**Work instruction**. The copy has to match the data exactly and leave out every picture.

::: Collected data

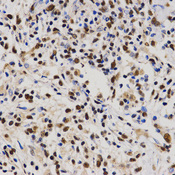 Immunohistochemistry of paraffin-embedded human lung cancer tissue using PELP1 antibody at dilution of 1:200 (x400 lens).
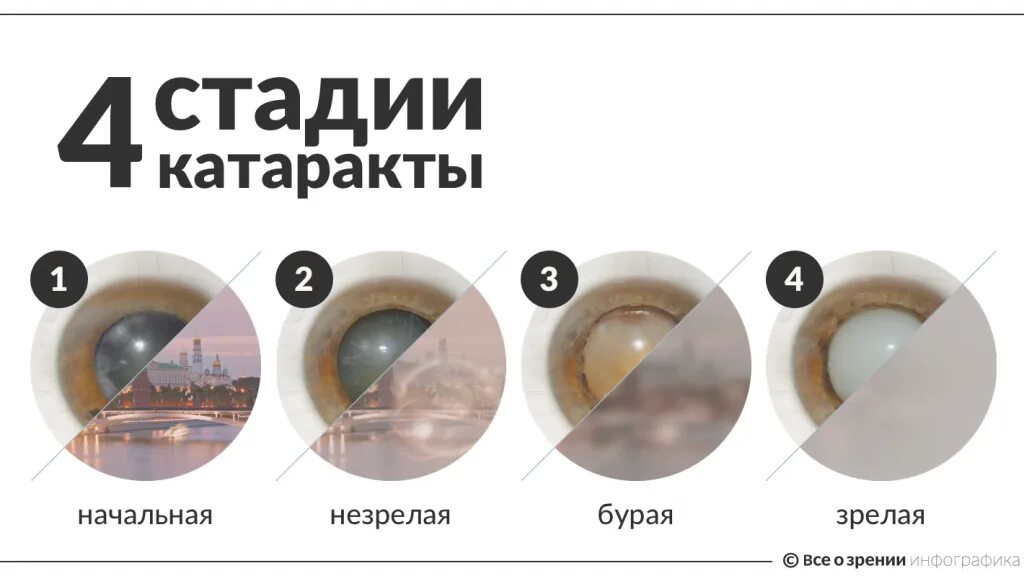 Развитие катаракты симптомы. Катаракта схема глаза. стадии зрелости катаракты. катаракта по степени помутнений.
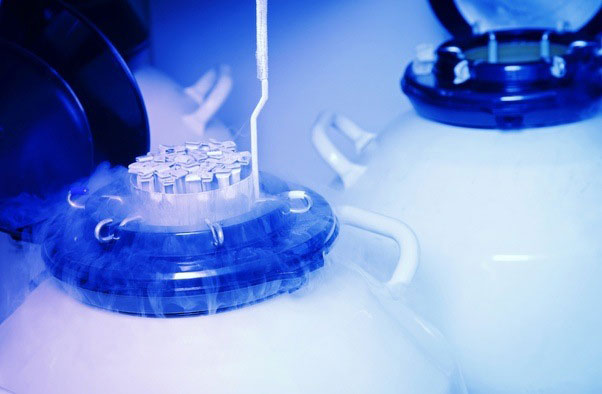 Embryo-Freezing Embryo-Freezing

::::::

**Task answer**.
 Immunohistochemistry of paraffin-embedded human lung cancer tissue using PELP1 antibody at dilution of 1:200 (x400 lens).
 Развитие катаракты симптомы. Катаракта схема глаза. стадии зрелости катаракты. катаракта по степени помутнений.
 Embryo-Freezing Embryo-Freezing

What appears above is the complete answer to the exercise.